Selon la Police, le suspect serait à la tête d’une dizaine de jeunes malfaiteurs armés de couteaux, très actifs dans la zone. Plusieurs plaintes auraient déjà été enregistrées contre lui dans les unités de police, et d’autres pourraient suivre depuis son arrestation. Parmi les faits évoqués figure le viol d’une mineure de 13 ans dont les parents ont saisi les services de sécurité dès le lendemain de l’interpellation pour déposer plainte.
Les autorités sécuritaires indiquent également que la dernière agression attribuée au groupe remonte au 1er mars 2026, au cours de laquelle un homme identifié comme Assiongbo Kodjo a été grièvement blessé au visage. D’après les informations recueillies, le mode opératoire de la bande consistait à intercepter leurs victimes la nuit, dans différents quartiers, pour les dépouiller sous la menace de couteaux.
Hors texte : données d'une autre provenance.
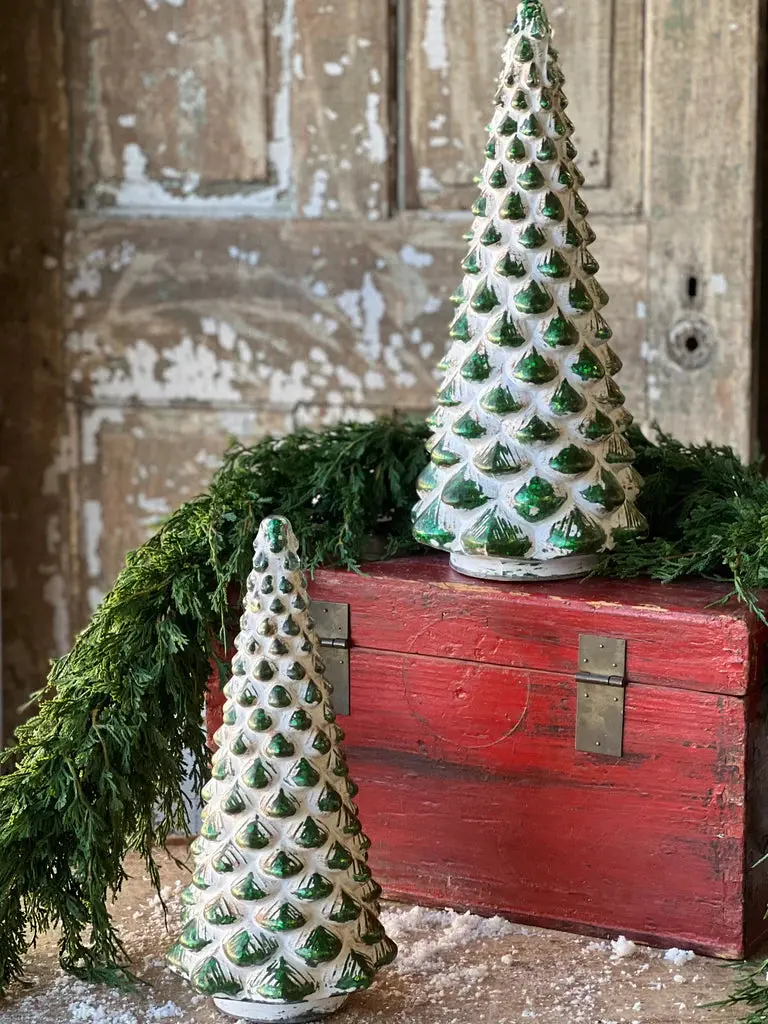 Gleaming Yule Tree Holiday Ornament Set 1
Les victimes, souvent des passants, des automobilistes ou des motocyclistes, pouvaient aussi être agressées physiquement, et les jeunes filles n’étaient pas épargnées par les violences sexuelles.
La Police nationale affirme que les investigations se poursuivent afin de démanteler entièrement ce réseau criminel. Elle réaffirme sa détermination à « lutter sans relâche contre toutes les formes de délinquance et de criminalité » et appelle la population à coopérer avec les forces de l’ordre pour garantir la sécurité, la sérénité et la protection des personnes.